Cameron hinted that London may try to prevent others from using the executive European Commission and the European Court of Justice, saying: “Clearly the institutions of the European Union belong to the European Union, they belong to the 27 (eurozone members).”

As a result, Merkel and Sarkozy said the intention was to forge an inter-governmental treaty among the eurozone nations and any others that wanted to join. They indicated that could be up to 25 nations in all, with only Britain and perhaps Hungary left out for now. Sweden and the Czech Republic said they would consult their parliaments.

“This is a summit that will go down in history,” said Sarkozy. “We would have preferred a reform of the treaties among 27. That wasn’t possible given the position of our British friends.

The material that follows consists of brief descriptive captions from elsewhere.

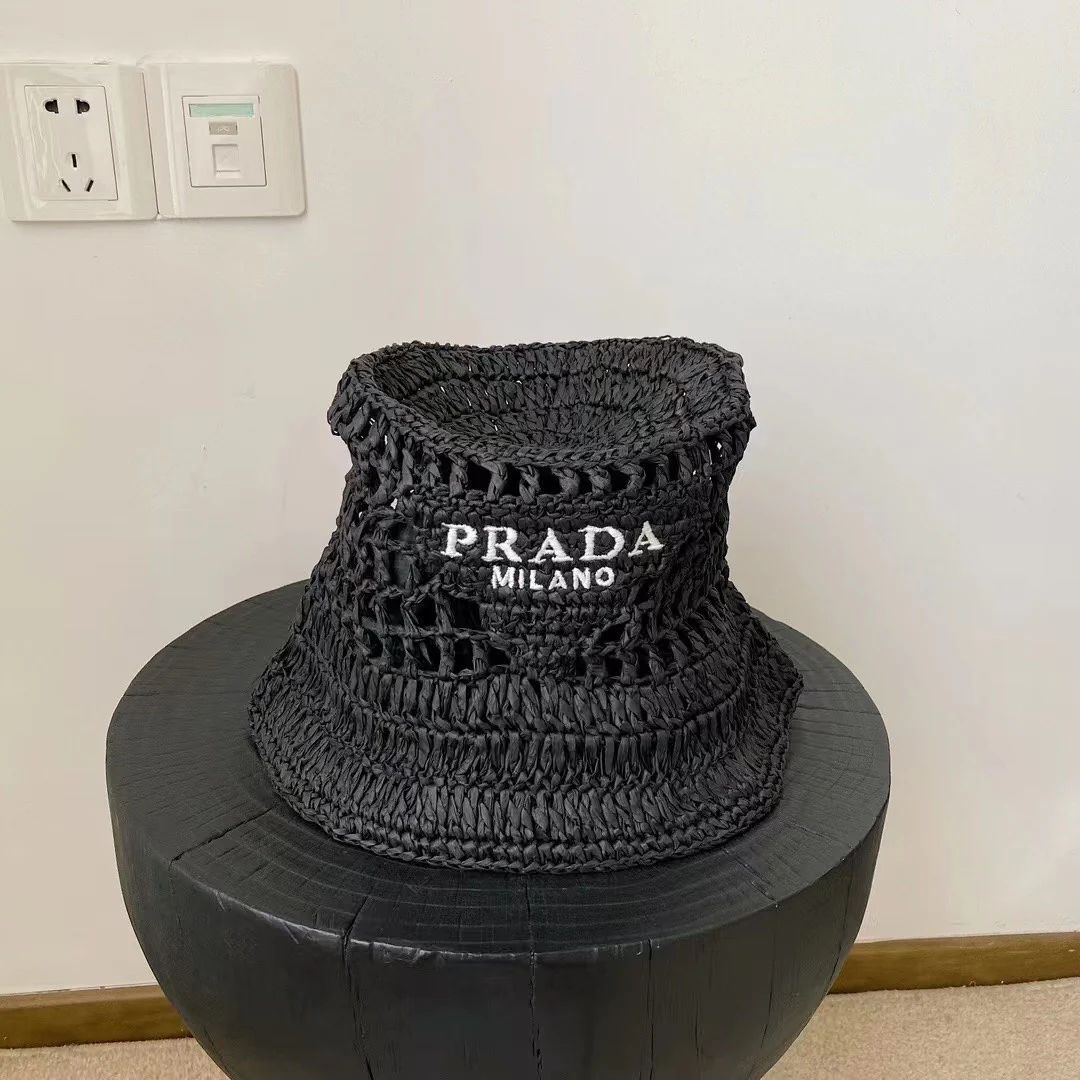 Новинка сезона весна/лето 2023 от Prada - Плетеная ажурная рыбацкая шляпа - Черная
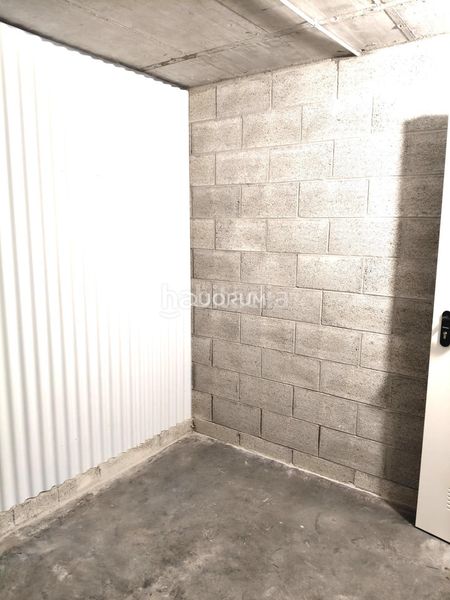 Foto a6e9bb68-e3ee-4e04-8532-c0b808be73d4. Aparcament cotxe a Iralabarri Bilbao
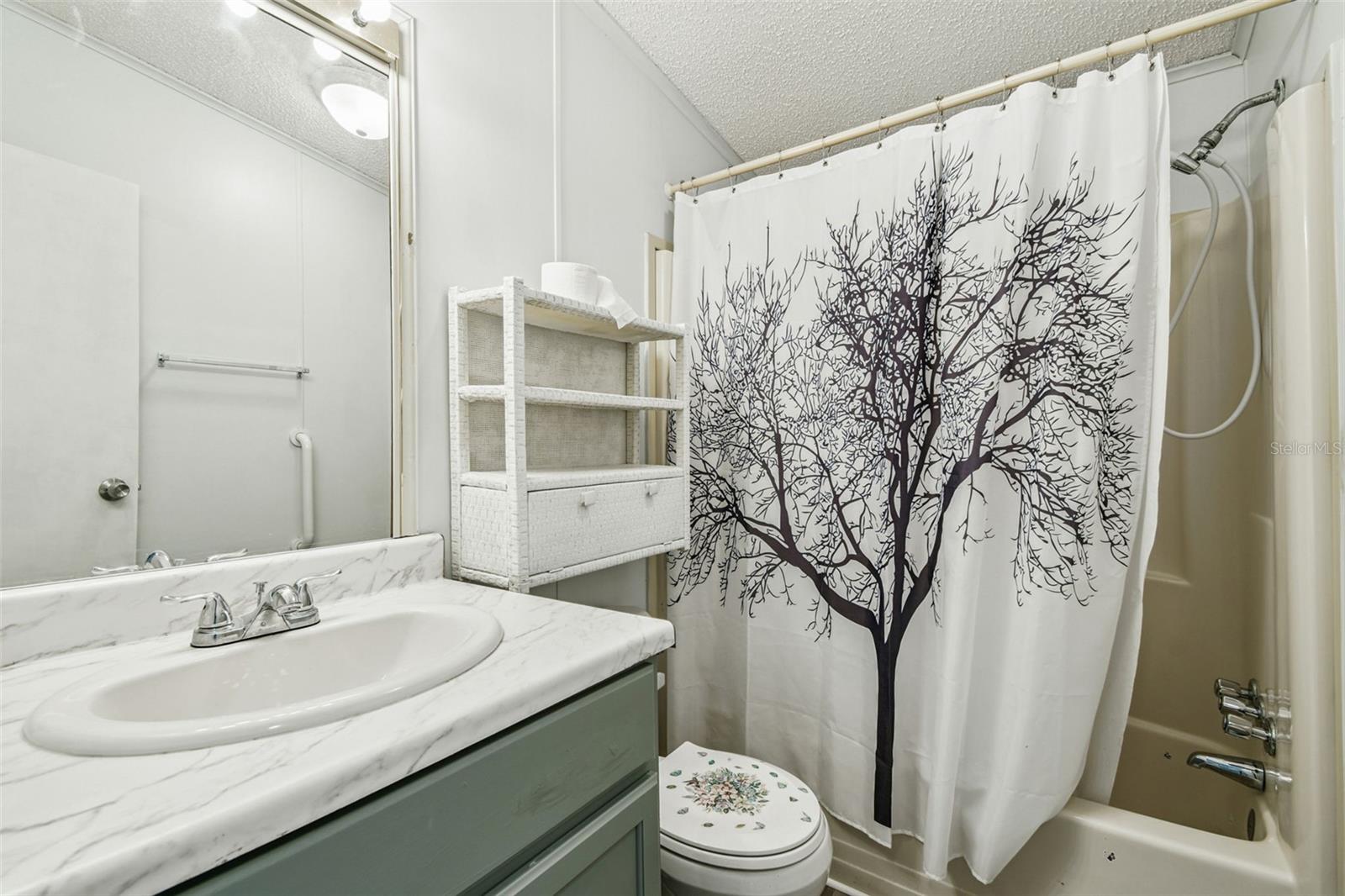 Image 33 of 58 For 1811 Sherwood Hill Dr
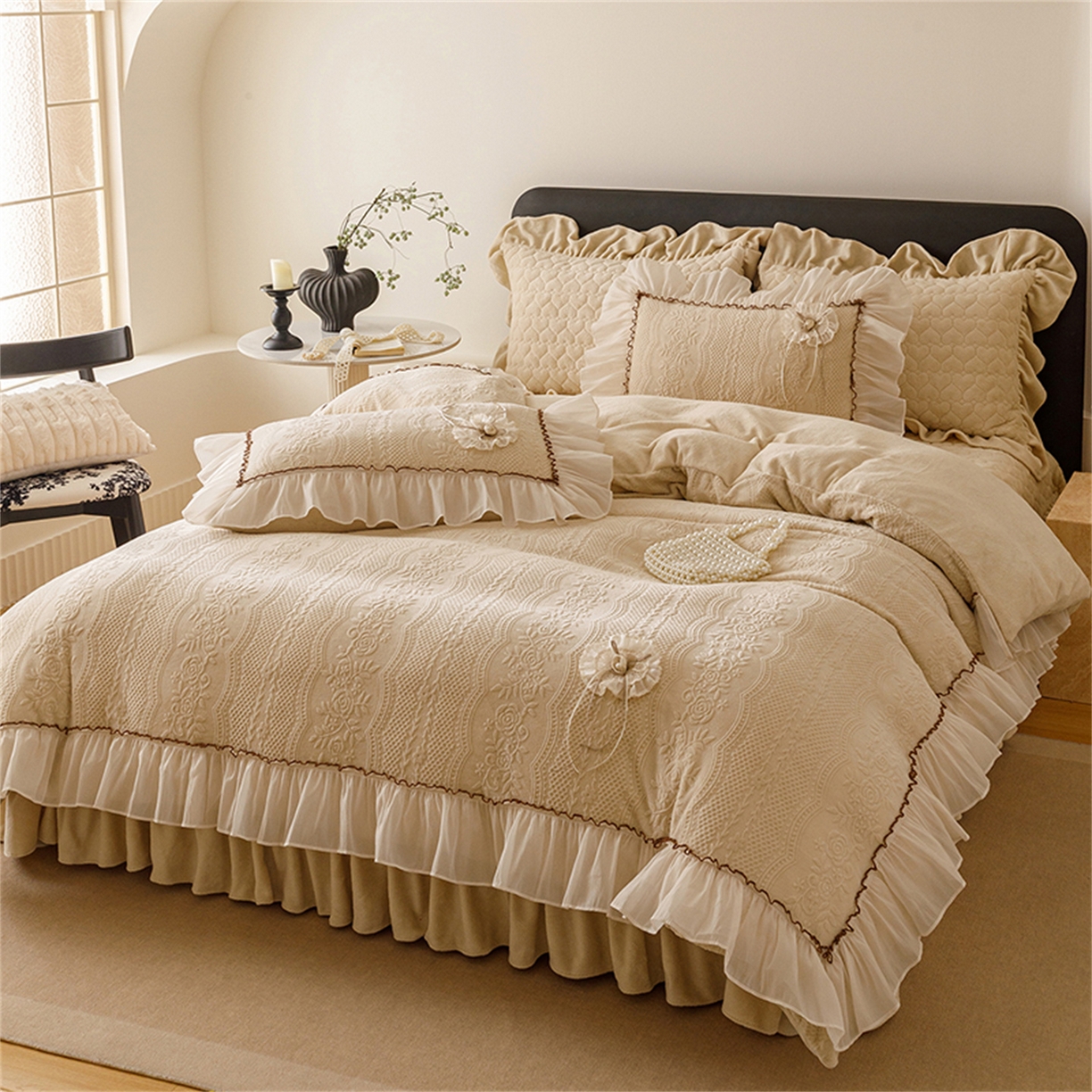 91家纺网 家纺一手货源 找家纺 （总）好儿喜家纺 2025新款雕花牛奶绒床盖四件套-瑞享系列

“And so it will be through an inter-governmental treaty of 17, but open to others.”

Herman van Rompuy, president of the European Council and chairperson of the summit, focused on the success ion securing agreement for tighter fiscal limits, including the need for nations to bring budgets close to balance.

He said: “It means reinforcing our rules on excessive deficit procedures by making them more automatic.

“It also means that member states would have to submit their draft budgetary plans to the (European) commission.”

On treaty change, Van Rompuy said the new treaty would involve the eurozone and at least six other nations, with two more waiting for a mandate to participate.

But it could still take months of wrangling, with nations like Finland and Slovakia opposing a Franco-German drive to take decisions on future bailouts by a super majority to avoid being taken hostage by a single small country.

In a meeting billed as a last chance to save the euro, with financial markets unconvinced by policymakers’ efforts to tackle the region’s problems so far, the leaders also took several decisions on the bailout fund, the European Stability Mechanism (ESM), which will come into force in July.

The ESM’s capacity will be capped at €500 billion (about R5.4 trillion), less than it had been suggested was possible before the summit. The facility will not get a banking licence, as Van Rompuy originally had proposed, due to German opposition.

It also was agreed that the EU nations would provide up to €200 billion in bilateral loans to the International Monetary Fund (IMF) to help it tackle the crisis, with €150 billion of the total coming from the eurozone nations.

IMF managing director Christine Lagarde said as she left the summit: “We can be very pleased at the result.”

Earlier, the plight of Europe’s banks was thrown into sharp relief. The European Banking Authority told them to increase their capital by a total of €114.7 billion, significantly more than predicted two months ago.